A system such as “Cleanfeed” had an incident with Wikipedia, which raised concerns about the legislative basis of any blocking system and the freedom of expression. In 2008 the IWF blocked an URL of Wikipedia because it contained a pornographic image of a child, which was the cover image of the Scorpions song album which was being legally sold many years earlier. Moreover, the IWF did block not only the image but the access to the whole page of wiki entry. Although IWF is a subject of criticism, there is no doubt that it is a serious body doing important work. It cannot be compared with the profit organization Google who owns YouTube and it is the world’s main TV channel. Google has enormous influence over who can find an audience on the Web around the world. Google’s search engine can monitor what controversial material appears on the local search engines that Google maintains in many countries around the globe, as well as on Google.com which appears globally. Consequently, Google arguably has more influence over the outlines of online expression than anyone else on the planet.

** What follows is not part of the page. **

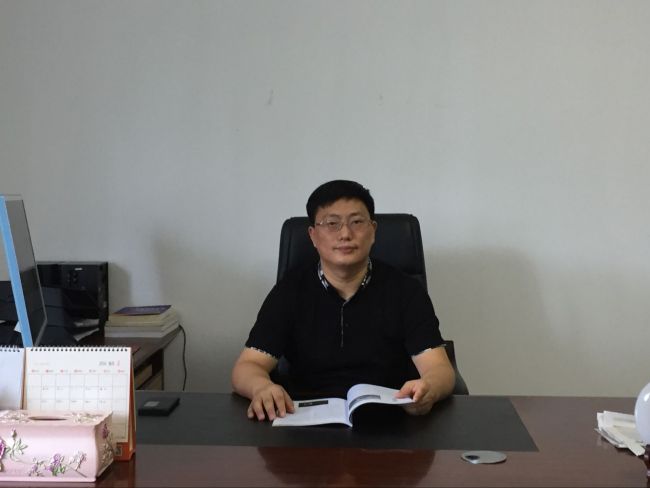 |李秋君|常务jrs篮球直播_nba直播吧极速体育_nba直播网jrs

In 2008, an advertising company named Phorm triggered anger from privacy protection campaigners because in order to help advertisers better it aimed consumers by monitoring their browsing history. The technique deployed Phorm for advertising involved equipment installed in an ISP network that intercepted all web traffic fleeting along every customer's broadband connection, and scanned through it for keywords that could be used to send indented advertising that reflects customers' communication flows. The main criticism on this practise was on the fact that it would have been an opt-out service which meant that no prior consent was given by the users whose data was monitored. The Phorm scandal finally leads the European Commission to launch an Infringement Proceeding against the UK, in April 2009, for failing to fully implement the DPD and the e-Privacy Directive2.
Another similar case concern music copyrights via peer-to-peer protocols. In 2009 Virgin Media UK planned to deploy a Detica CView technology which could monitor 40 per cent of its customers without their awareness or prior consent. Company’s purpose was to establish an “index” of copyright infringements emphasised that data derived from it would be aggregated and anonymised. Apart from that, the company assured that no humans would see the data. Hence, IP address of the user was going to be replaced with a randomly generated unique identifier. However, despite that fact of anonymity, privacy campaigners argued that using that technology could identify those using torrents or block content and would only require “a slight tweak to the software”.

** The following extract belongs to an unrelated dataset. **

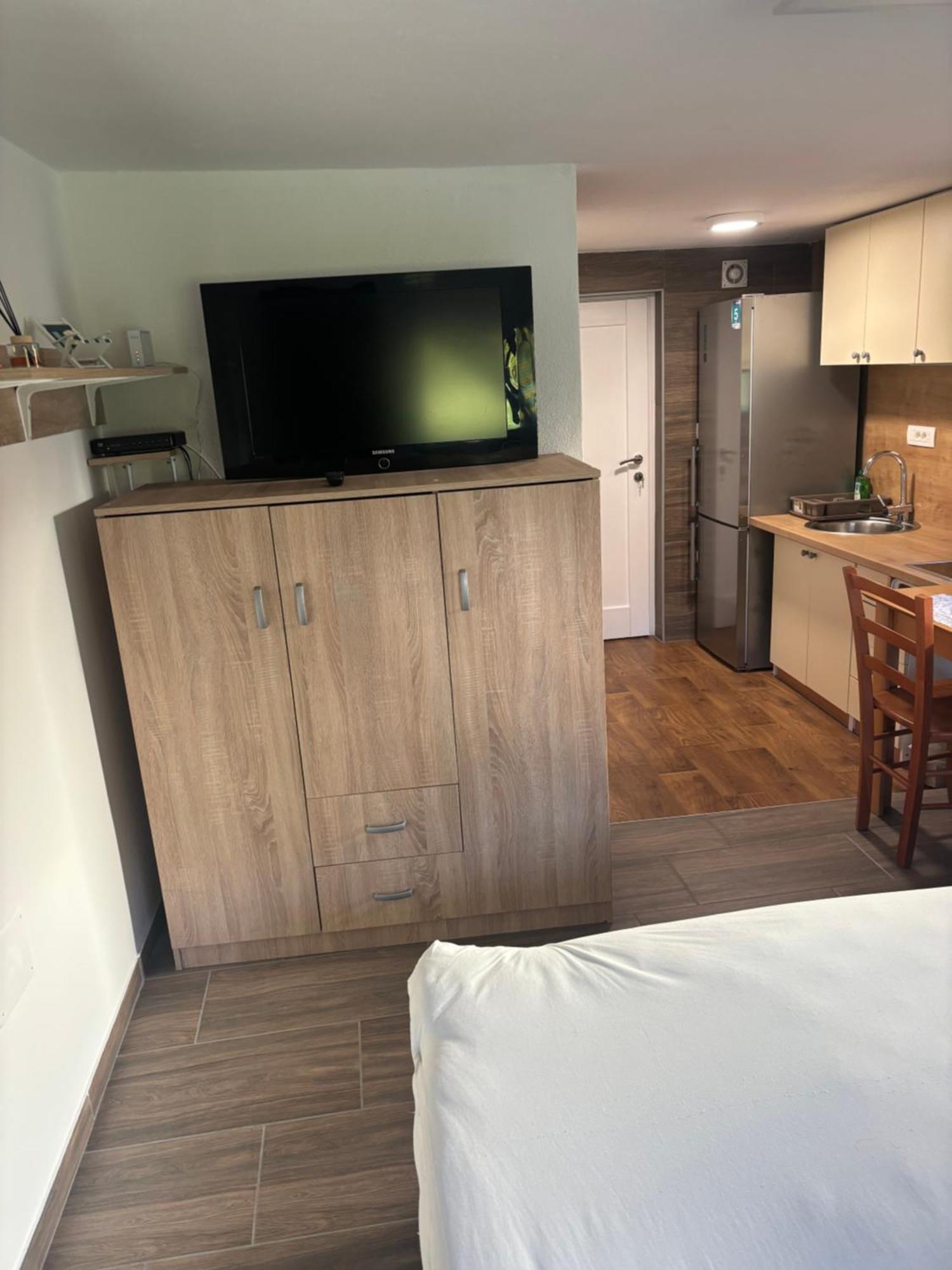Apartments Malivojevic Zirovnica Екстериор снимка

It is noteworthy that there are many perfectly legitimate uses of peer-to-peer applications like BitTorrent. Hence it would be dangerous to block BitTorrent rather an ISP where it need to be sure that there is a copyright offending file. Considering how legal framework has developed it is arguable that self regulatory attempt to discipline the copyright infringements via peer to peer network could easily carry on legal critical examination. Undeniably on the one hand the findings of the CJEU are vague. On the other hand the decisions of national judges have on numerous occasions denied to identify any considerable privacy implications in relation to the use of DPI practices.
The case Scarlet v Sabam3 concerns also copyright infringement matters and privacy with the use of similar to Detica CView technology. The CJEU decision attempted to assess the validity of DPI practise from different ankles. The CJEU examined the article 15 of the e-commerce Directive.4 It holds that “active observation of all electronic communications conducted on the network of the ISP”. Yet intermediary providers are prohibited by the article 15 of the imposition of such obligations. Concerning the protection of personal data, the methodical analysis of all content and the gathering and identification of users IP addresses are protected personal data because they permit those users to be identified. The CJEU concluded that collection of IP Addresses cannot be the real source of concern because only the packet payloads transmitted through the means of suspicious ports are inspected.[5] The decision of CJEU remains ambiguous. It does not mention Article 15 of DPD which could seem relevant on DPI practise. This practise violates the principle of confidentiality of communications. Besides that, on the grounds of the e-commerce Directive and the freedom to conduct one’s business the Court could justify DPI practises if they are adopted voluntarily.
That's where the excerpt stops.